Will Trump’s Paterno statue shoutout help in Pennsylvania?

Donald Trump’s appeal to Penn State football fans may help achieve what some locals have wanted to happen for years, said a top Republican official in the Pennsylvania county where the university has its main campus.

At a campaign event Wednesday in Pittsburgh, Trump called for the reinstatement of a statue of the late Penn State football coach Joe Paterno. “How’s Joe Paterno? We gonna bring that back? Right?,” Trump asked the audience. “How about that whole deal?”

Paterno, the winningest coach in major college football history, was fired from Penn State following allegations that he helped cover up a child sex abuse scandal involving Jerry Sandusky, a former assistant coach. He died two months later at the age of 85 after being diagnosed with lung cancer. While Paterno’s family maintains his innocence, a bronze statue of Paterno in front of the stadium in which his team played was removed in 2012.

The removal followed the release of a report by former FBI director Louis Freeh which concluded that Paterno, along with three university officials, played a role concealing the scandal.
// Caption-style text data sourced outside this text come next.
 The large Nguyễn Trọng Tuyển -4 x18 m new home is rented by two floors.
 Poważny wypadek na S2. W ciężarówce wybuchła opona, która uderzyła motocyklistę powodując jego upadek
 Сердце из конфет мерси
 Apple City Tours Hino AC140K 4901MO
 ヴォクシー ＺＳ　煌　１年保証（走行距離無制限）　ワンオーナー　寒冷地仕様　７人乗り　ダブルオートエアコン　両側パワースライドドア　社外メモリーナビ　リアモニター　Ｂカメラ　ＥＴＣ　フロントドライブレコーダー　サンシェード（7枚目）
The statue has since been kept in storage according to the university.

For some who would like to see Paterno’s statue returned to its former glory, Trump’s shoutout was a welcome boost to their cause.

Another voice added to the chorus of those “anxious” to see the statue returned to its spot in front of the university’s Beaver Stadium, makes it “more likely it will be returned to its proper place,” Centre County Republican Party chairman Steve Miller told the Washington Examiner.
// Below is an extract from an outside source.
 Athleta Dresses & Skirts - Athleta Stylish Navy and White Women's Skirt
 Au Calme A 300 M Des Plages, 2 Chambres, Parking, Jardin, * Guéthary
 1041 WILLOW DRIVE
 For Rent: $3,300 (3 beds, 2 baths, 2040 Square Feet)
While Paterno’s win record may have been scrubbed and then reinstated by the NCAA in recent years, the university’s stance on his statue remains unchanged. A Penn State spokesman would not comment on Trump’s statue proposal, saying the university does not comment on candidates’ campaign speeches.

Asked whether Trump’s decision to make Paterno a campaign issue might impact his chances for the April 26 primary in the Keystone State, where recent polls show Trump leading by a wide margin, Miller said it would not “help or hurt him.”
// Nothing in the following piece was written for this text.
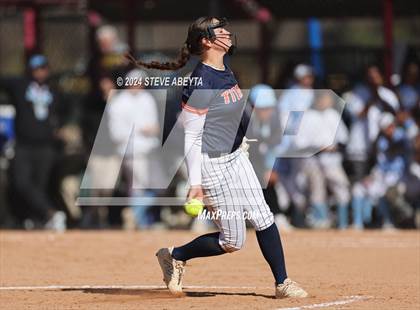 Thumbnail 1 in Legend vs. Greeley West (CHSAA 5A Round 1) photogallery.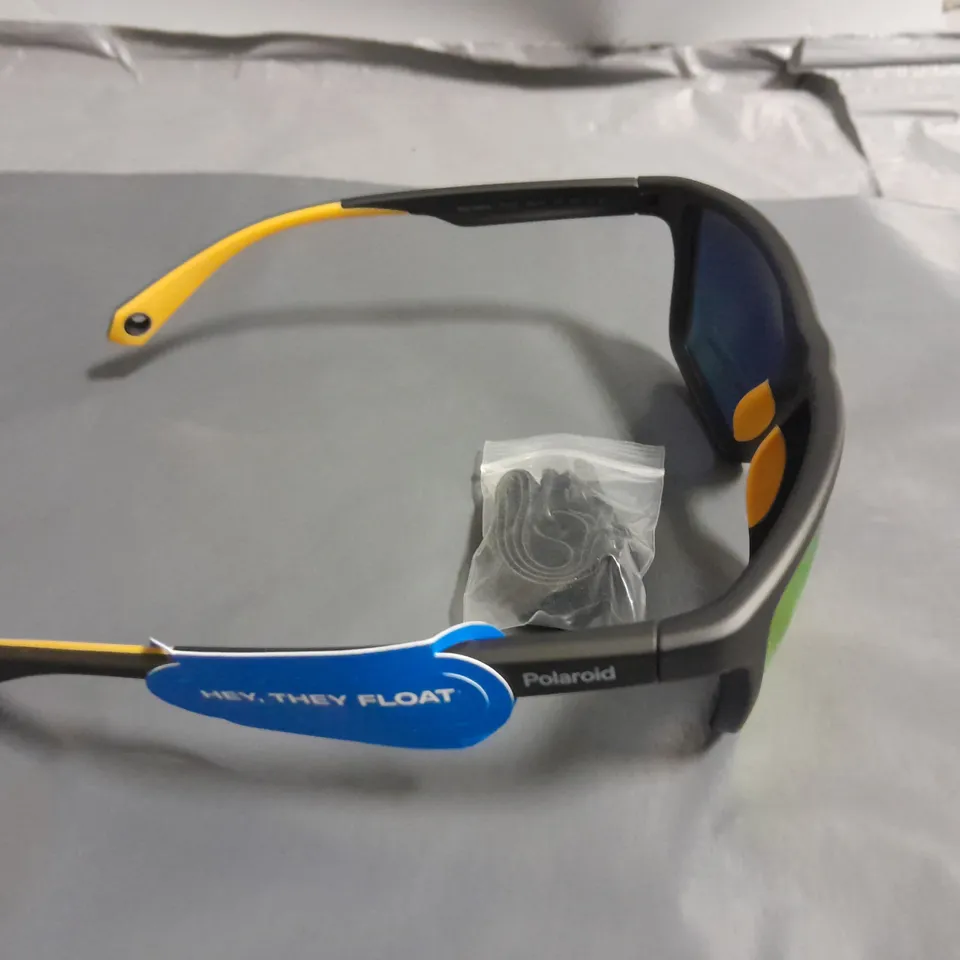 PAIR OF POLARID SPORTS STYLE GLASSES IN CASE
“I do not believe the recent comments regarding Joe Paterno or the possible return of his statue will have any negative effect on Mr. Trump going forward in Pennsylvania,” said Jonathan Stack, state director of Pennsylvania’s Students for Trump, a student-led organization dedicated to helping the billionaire candidate’s campaign. “In fact, it may have helped him even more.”

Though Trump’s rally took place in Pittsburgh, a two-and-a-half hour drive away from Penn State’s main campus in State College, Stack was confident that many Penn State students were in attendance.

“It was only right Mr. Trump acknowledge them in some way and he has in fact defended Joe Paterno in the past,” Stack added. “Mr. Trump will never shy away from what he believes is right.”

Trump did in fact share words of support for Paterno, whom he claimed to know, in the fallout resulting from the Sandusky scandal back in 2012. The casino tycoon tweeted for the Paterno family to sue “the idiots” at Penn State who helped tarnish the coach’s legacy.

Surveys show a majority of Pennsylvanians support the reinstallation of the Paterno statue. As recently as last year, a Quinnipiac University survey showed nearly 60 percent of Pennsylvanians supported the statue’s restoration.

At worst, Miller said he would be surprised if his comment influenced 150 voters to hemorrhage from Trump’s cause. “The Trump wave is so large,” he added.

Miller is a professed supporter of former Pennsylvania Sen. Rick Santorum, who ended his campaign for the Republican nomination in February. Santorum is a graduate of Penn State. Though he didn’t reveal who he will vote for now in the primary, Miller said as chairman of Centre County’s GOP — regardless of who wins — he hopes the party will “unify behind” the winner in order to defeat the Democrats.